### Entries shown
___
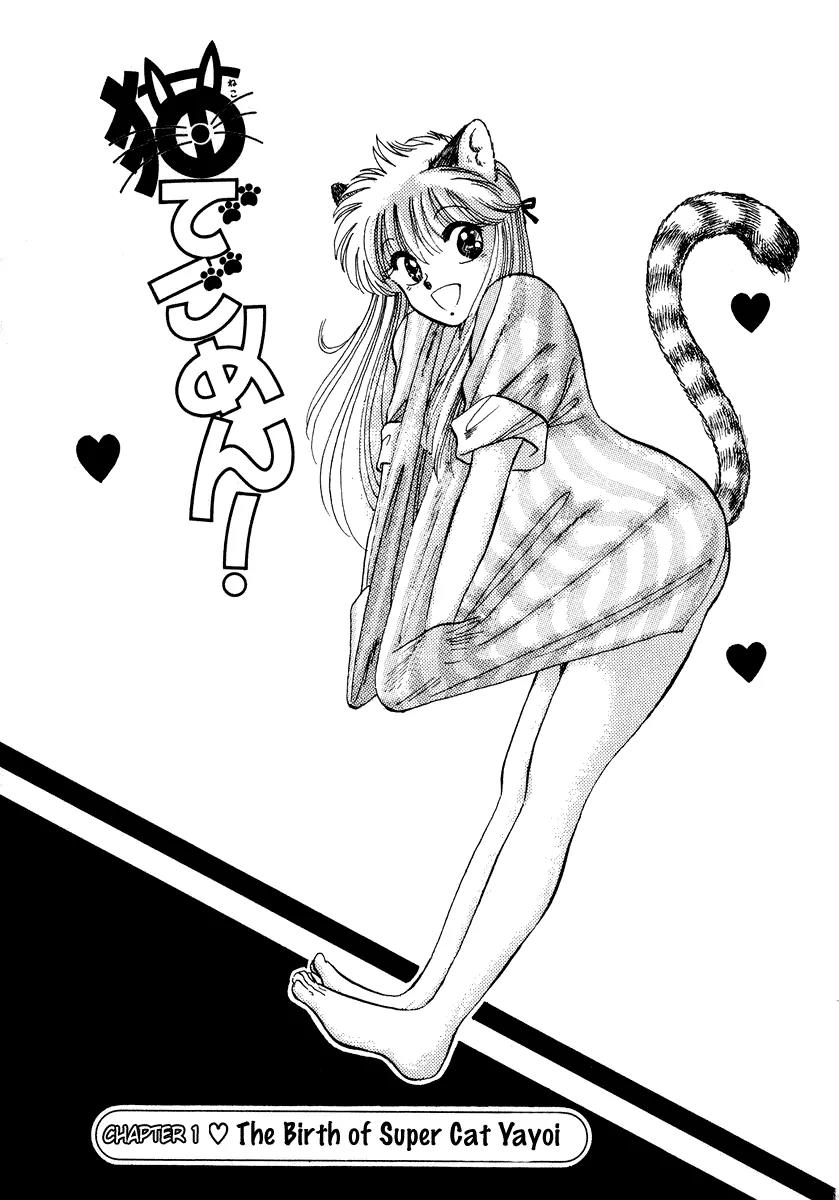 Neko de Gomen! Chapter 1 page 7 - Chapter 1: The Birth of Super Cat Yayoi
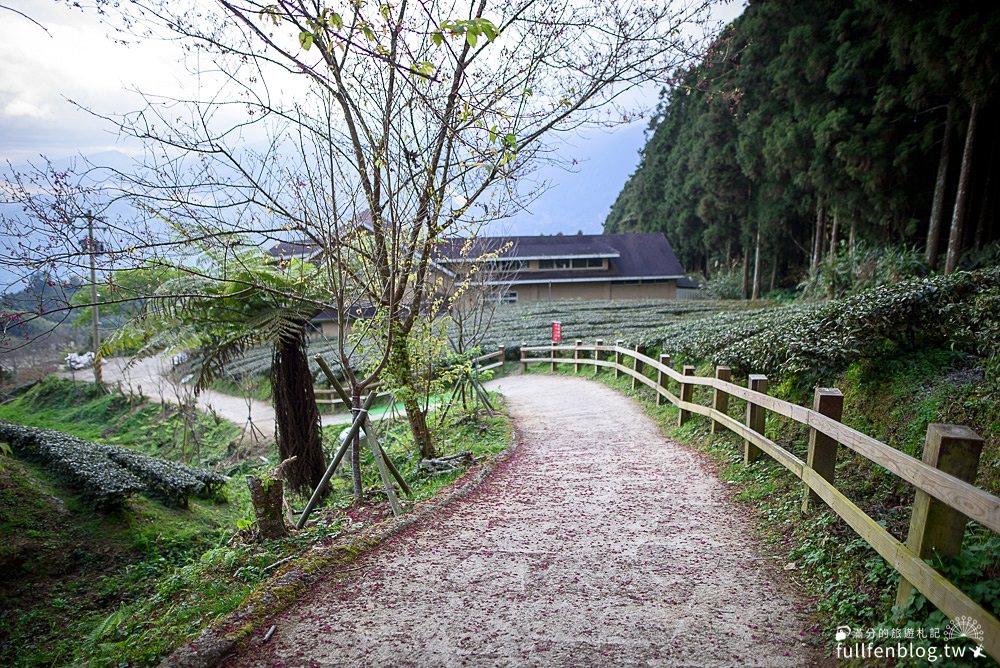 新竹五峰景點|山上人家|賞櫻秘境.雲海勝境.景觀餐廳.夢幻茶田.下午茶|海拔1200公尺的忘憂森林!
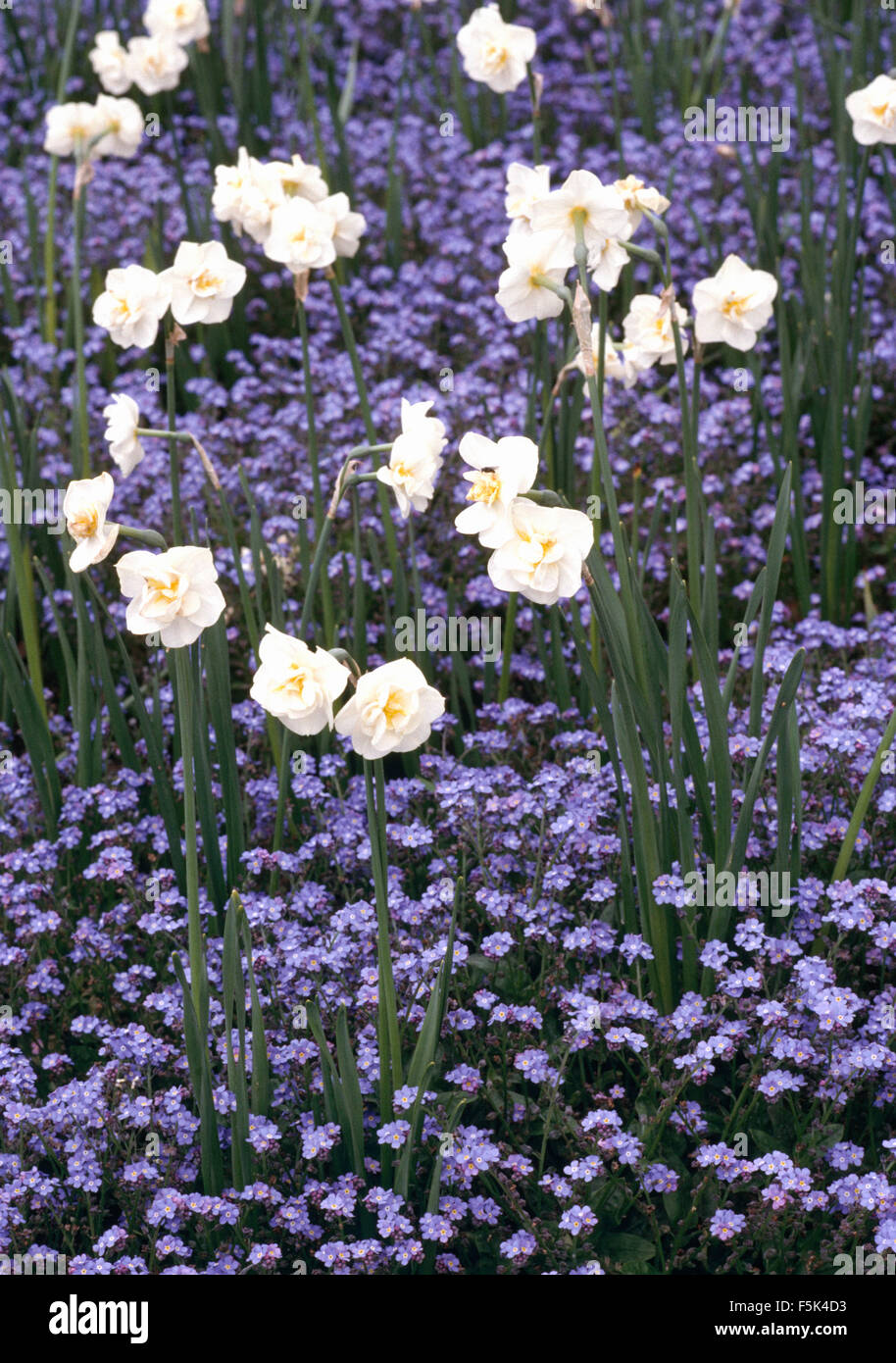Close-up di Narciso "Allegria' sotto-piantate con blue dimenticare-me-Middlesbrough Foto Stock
___
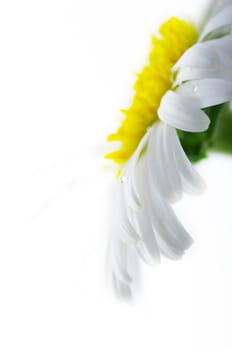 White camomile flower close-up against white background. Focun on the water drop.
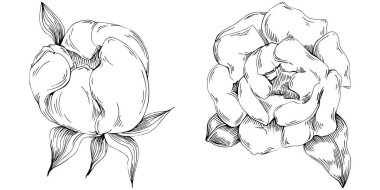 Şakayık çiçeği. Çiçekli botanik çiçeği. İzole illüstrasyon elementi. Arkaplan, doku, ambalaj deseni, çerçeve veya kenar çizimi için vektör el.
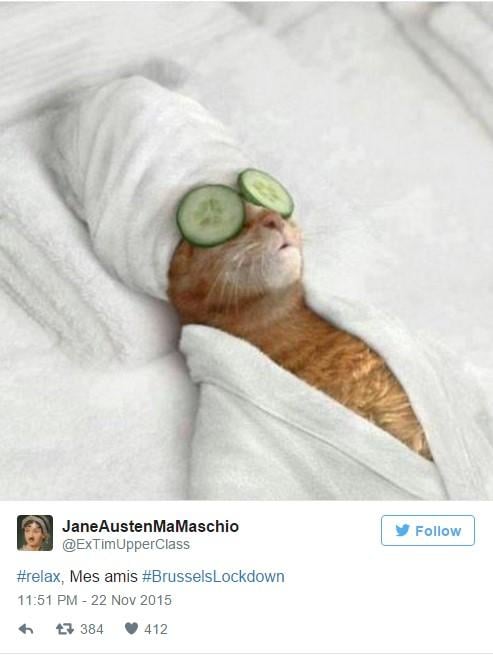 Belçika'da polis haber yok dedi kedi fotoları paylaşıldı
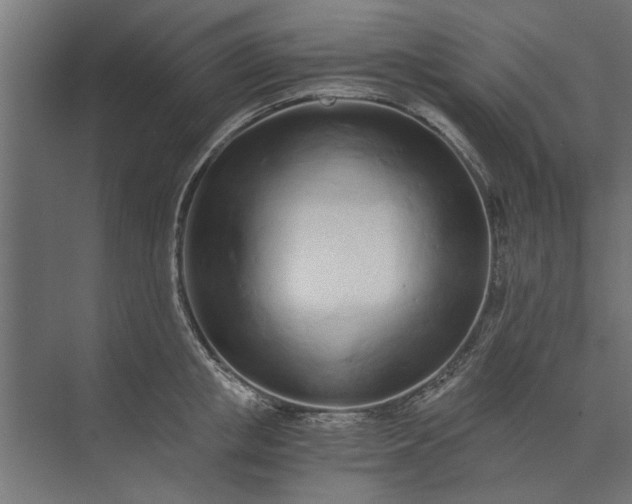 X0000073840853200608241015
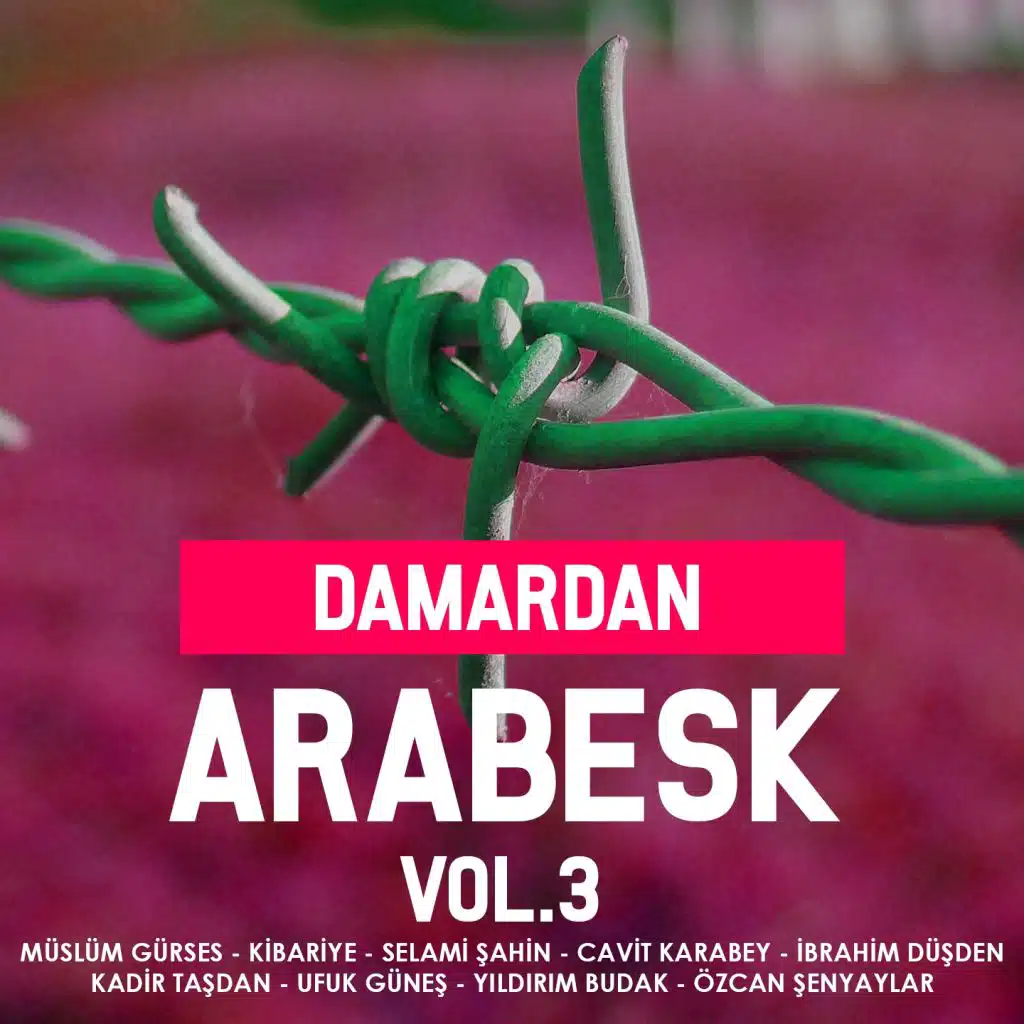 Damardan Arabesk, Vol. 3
___
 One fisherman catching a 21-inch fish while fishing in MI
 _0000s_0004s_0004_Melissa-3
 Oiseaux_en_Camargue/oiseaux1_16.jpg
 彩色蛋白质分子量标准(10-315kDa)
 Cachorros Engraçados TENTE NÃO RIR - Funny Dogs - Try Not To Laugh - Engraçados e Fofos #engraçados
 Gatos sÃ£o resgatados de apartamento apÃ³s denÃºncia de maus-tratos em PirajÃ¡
___
Within the listing above, the lines starting at the one containing "新竹五峰景點|山上人家|賞櫻" and ending at the one containing "Close-up di Narciso" are to be returned exactly. Omit the pictures.

### Your solution
 新竹五峰景點|山上人家|賞櫻秘境.雲海勝境.景觀餐廳.夢幻茶田.下午茶|海拔1200公尺的忘憂森林!
Close-up di Narciso "Allegria' sotto-piantate con blue dimenticare-me-Middlesbrough Foto Stock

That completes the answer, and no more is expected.